AGRICULTURE Minister Clarence Rambharat really put his foot in it last week. In a speech he probably thought entirely innocuous and even didactic, the minister exploded a channa bomb by blaspheming against one of this country's most revered institutions. You could bad talk meh religion, you could bad talk meh drapes, but if you bad talk meh doubles bottle will pelt.
Rambharat got into hot oil when he spoke at a function to promote local food production. "Do we need doubles to be the national dish of this country?" It was at that point people in the crowd probably started squirming in their seats and the fire marshals started checking exits for safe egress in the event of a riotous stampede.
He continued, "...to see people dressed for work in all their fineries, 5 am and 6 am standing up by a doubles man and then coming back lunchtime by a next doubles man." It only got worse from there: "...doubles is almost totally imported content. Why should we be aiming for that? And why have we made that the national snack and the national food?" That was it – cue the dancing Ghanaian pallbearers.
Now many people are mistaking reactions among members of the public as some primitive, emotional response. There are, though, fundamental flaws in what the minister said that extend well beyond our love of bara.
Noticing this grease fire he ignited, Rambharat doubled back and doubled down, explaining his words were taken out of context. Rambharat made several missteps in his presentation. A cardinal rule of communications says you should never make a statement that can't stand independently of a general theme or withstand scrutiny on its own.
Minister Rambharat's over-seasoned his speech by incorrectly pairing concerns about the high food import bill with remonstrations about unhealthy eating habits. It's a pity, because there were valid points about the health implications of our fast food culture. Trinidadians could definitely benefit from making better choices about what we put into your mouths. Still, Rambharat's remarks are a case study in political detachment and arrogance.
The historical significance of doubles and its storied evolution as fuel for the working class who built this country is well documented. As is the case with popular street foods everywhere, doubles was born of scarcity and thrift among low-paid labourers. It evolved into something beloved by people of all classes and backgrounds – a shimmering thread in the fabric of our national identity. Its popularity endures because it is delicious (mostly) and is still the cheapest food there is. Let's be real – no one touches down at the airport and declares, "Take me to your nearest dasheen stall!"

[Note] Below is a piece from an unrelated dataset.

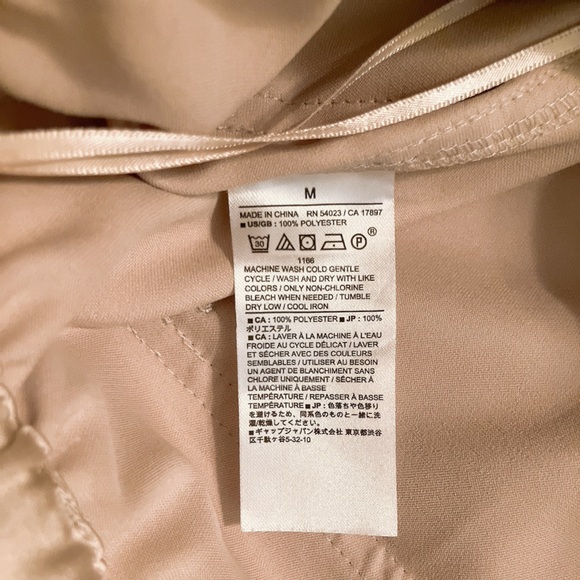 Banana Republic Satin Cargo Jogger Medium Gold Beige NWOT 27’inseam High Rise - Picture 8 of 11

Rambharat failed to see the irony in chiding people for eating imported food when different incarnations of his ministry have done little to change the status quo. Handing out leases and seedlings doesn't constitute an agricultural policy. It's easier to demonise our food culture than do the tough work of creating a robust food production sector. Pretending that his remarks were only spoken in the interest of our health is disingenuous at best.
By the way, doubles is a value-added product. The bara and channa are nothing without the smorgasbord of condiments that make the street food what it is. Imported ingredients are merely a small part in a vast ecosystem that supports pepper, chadon beni, coconut, mango, cucumber cultivation and processing.

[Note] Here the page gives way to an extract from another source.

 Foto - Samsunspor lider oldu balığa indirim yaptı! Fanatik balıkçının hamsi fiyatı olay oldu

Additionally, the minister made a fleeting reference to fast food without the equivalent evisceration of multitudinous franchises. This is likely because he knows where the Government's biscuit is buttered. Yet these franchises directly import many inputs and must remit franchise fees in US dollars. They spend US currency coming and going, but fail to attract the same scrutiny and derision as the doubles industry and us enablers in our "fineries."
The Minister of Agriculture also seems unaware of factors driving the rise of fast food consumption, many of which are also well known – oil and gas revenues (formerly), demanding work schedules, adoption of foreign culture, etc.

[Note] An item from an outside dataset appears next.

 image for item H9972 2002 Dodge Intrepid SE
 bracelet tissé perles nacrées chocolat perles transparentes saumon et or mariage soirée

In his sixth year as Minister of Agriculture, the country would be better served by a progress report on how the ministry has transformed the sector to boost food production and support farmers. That would be preferable to hearing a politician hectoring us about forex consumption.
Is eating doubles every day healthy? Of course not! But, like the man said, everything in moderation...everything except intelligent thought and creative ingenuity – the only ingredients which are in desperately short supply and for which, it seems, there is little demand.